The codebase for Data-driven general-purpose voice activity detection.

Last update: Nov 27, 2022

Overview

Data driven GPVAD

Repository for the work in TASLP 2021 Voice activity detection in the wild: A data-driven approach using teacher-student training.

Sample predictions against other methods

Noise robustness

Results

Our best model trained on the SRE (V3) dataset obtains the following results:

	Precision	Recall	F1	AUC	FER	Event-F1
aurora_clean	96.844	95.102	95.93	98.66	3.06	74.8
aurora_noisy	90.435	92.871	91.544	97.63	6.68	54.45
dcase18	89.202	88.362	88.717	95.2	10.82	57.85

Usage

We provide most of our pretrained models in this repository, including:

Both teachers (T_1, T_2)
Unbalanced audioset pretrained model
Voxceleb 2 pretrained model
Our best submission (SRE V3 trained)

To download and run evaluation just do:

git clone https://github.com/RicherMans/Datadriven-VAD
cd Datadriven-VAD
pip3 install -r requirements.txt
python3 forward.py -w example/example.wav

Running this will print:

|   index | event_label   |   onset |   offset | filename            |
|--------:|:--------------|--------:|---------:|:--------------------|
|       0 | Speech        |    0.28 |     0.94 | example/example.wav |
|       1 | Speech        |    1.04 |     2.22 | example/example.wav |

Predicting voice activity

We support single file and filelist-batching in our script. Obtaining VAD predictions is easy:

python3 forward.py -w example/example.wav

Or if one prefers to do that batch_wise, first prepare a filelist: find . -type f -name *.wav > wavlist.txt' And then just run:

python3 forward.py -l wavlist

Extra parameters

-model adjusts the pretrained model. Can be one of t1,t2,v2,a2,a2_v2,sre. Refer to the paper for each respective model. By default we use sre.
-soft instead of predicting human-readable timestamps, the model is now outputting the raw probabilities.
-hard instead of predicting human-readable timestamps, the model is now outputting the post-processed 0-1 flags indicating speech. Please note this is different from the paper, which thresholded the soft probabilities without post-processing.
-th adjusts the threshold. If a single threshold is passed (e.g., -th 0.5), we utilize simple binearization. Otherwise use the default double threshold with -th 0.5 0.1.
-o outputs the results into a new folder.

Training from scratch

If you intend to rerun our work, prepare some data and extract log-Mel spectrogram features. Say, you have downloaded the balanced subset of AudioSet and stored all files in a folder data/balanced/. Then:

cd data;
mkdir hdf5 csv_labels;
find balanced -type f > wavs.txt;
python3 extract_features.py wavs.txt -o hdf5/balanced.h5
h5ls -r hdf5/balanced.h5 | awk -F[/' '] 'BEGIN{print "filename","hdf5path"}NR>1{print $2,"hdf5/balanced.h5"}'> csv_labels/balanced.csv

The input for our label prediction script is a csv file with exactly two columns, filename and hdf5path.

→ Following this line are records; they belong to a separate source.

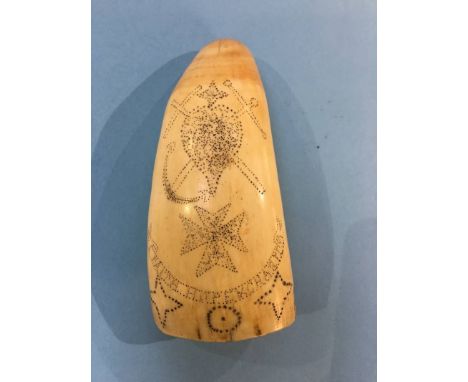 Scrimshaw, an engraved whales tooth, decorated with a portrait of a gentleman and 'Faith, Hope and Charity', 12 cm long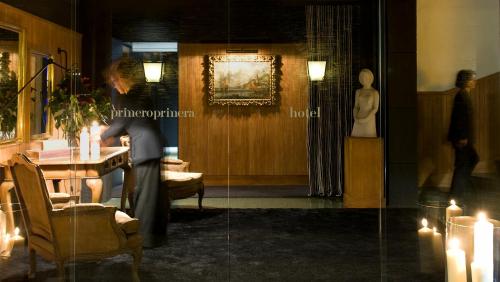 a man sitting at a table in a room with candles at Primero Primera in Barcelona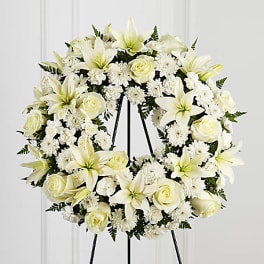 White floral wreath on a black stand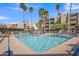 Resort-style pool with sun loungers and lush palm trees offers a relaxing community space at 7625 E Camelback Rd # B244, Scottsdale, AZ 85251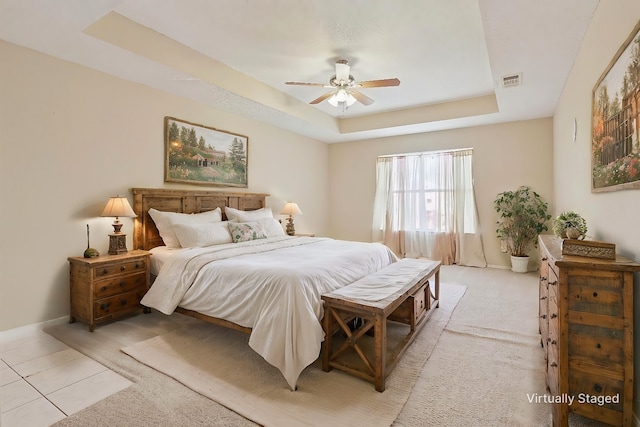 bedroom with ceiling fan, light tile patterned flooring, and a raised ceiling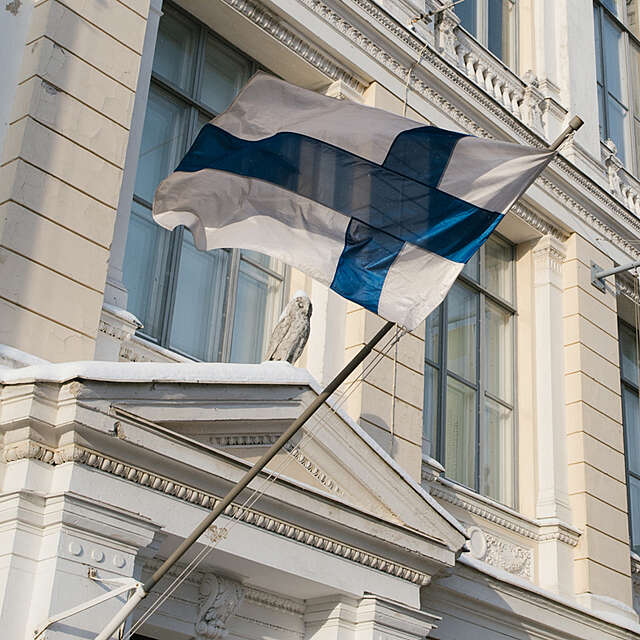 A white flag with a blue cross hoisted on the facade of a classical building.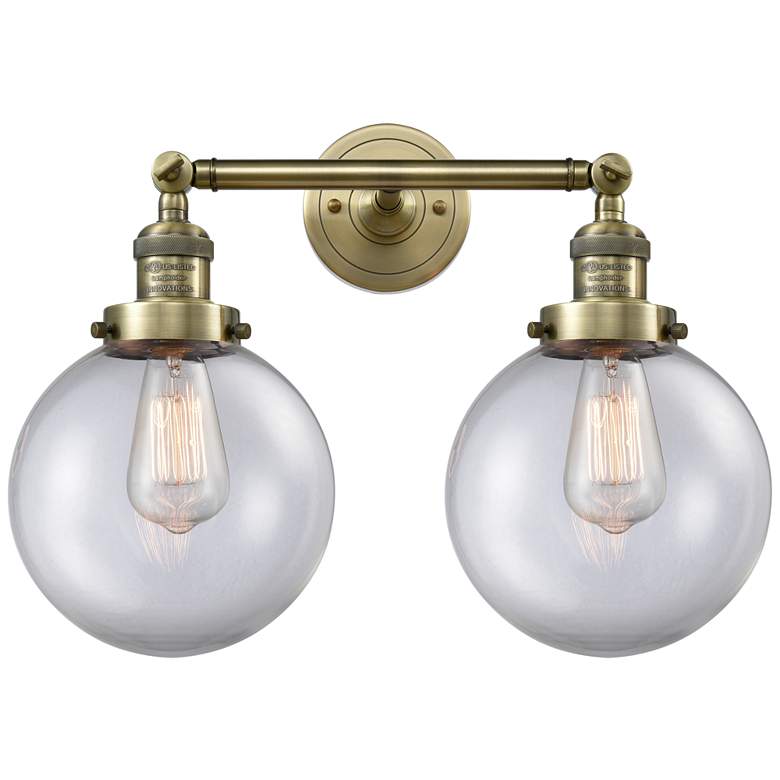 Image 1 Beacon 19" 2-Light Antique Brass Bath Light w/ Clear Shade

An example csv_labels/balanced.csv would be:

filename hdf5path
--PJHxphWEs_30.000.wav hdf5/balanced.h5                                                                                          
--ZhevVpy1s_50.000.wav hdf5/balanced.h5                                                                                          
--aE2O5G5WE_0.000.wav hdf5/balanced.h5                                                                                           
--aO5cdqSAg_30.000.wav hdf5/balanced.h5

After feature extraction, proceed to predict labels:

mkdir -p softlabels/{hdf5,csv};
python3 prepare_labels.py --pre ../pretrained_models/teacher1/model.pth csv_labels/balanced.csv softlabels/hdf5/balanced.h5 softlabels/csv/balanced.csv

Lastly, just train:

cd ../; #Go to project root
# Change config accoringly with input data
python3 run.py train configs/example.yaml

Citation

If youre using this work, please cite it in your publications.

@article{Dinkel2021,
author = {Dinkel, Heinrich and Wang, Shuai and Xu, Xuenan and Wu, Mengyue and Yu, Kai},
doi = {10.1109/TASLP.2021.3073596},
issn = {2329-9290},
journal = {IEEE/ACM Transactions on Audio, Speech, and Language Processing},
pages = {1542--1555},
title = {{Voice Activity Detection in the Wild: A Data-Driven Approach Using Teacher-Student Training}},
url = {https://ieeexplore.ieee.org/document/9405474/},
volume = {29},
year = {2021}
}

and

@inproceedings{Dinkel2020,
  author={Heinrich Dinkel and Yefei Chen and Mengyue Wu and Kai Yu},
  title={{Voice Activity Detection in the Wild via Weakly Supervised Sound Event Detection}},
  year=2020,
  booktitle={Proc. Interspeech 2020},
  pages={3665--3669},
  doi={10.21437/Interspeech.2020-0995},
  url={http://dx.doi.org/10.21437/Interspeech.2020-0995}
}

The codebase for Data-driven general-purpose voice activity detection.

Related tags

Overview

Data driven GPVAD

Sample predictions against other methods

Noise robustness

Results

Usage

Predicting voice activity

Extra parameters

Training from scratch

Citation

Owner

Heinrich Dinkel

🥈78th place in Riiid Solution🥈

ObjDetApp deploys a pytorch model for object detection

Fusion-DHL: WiFi, IMU, and Floorplan Fusion for Dense History of Locations in Indoor Environments

Official repository for the paper "Self-Supervised Models are Continual Learners" (CVPR 2022)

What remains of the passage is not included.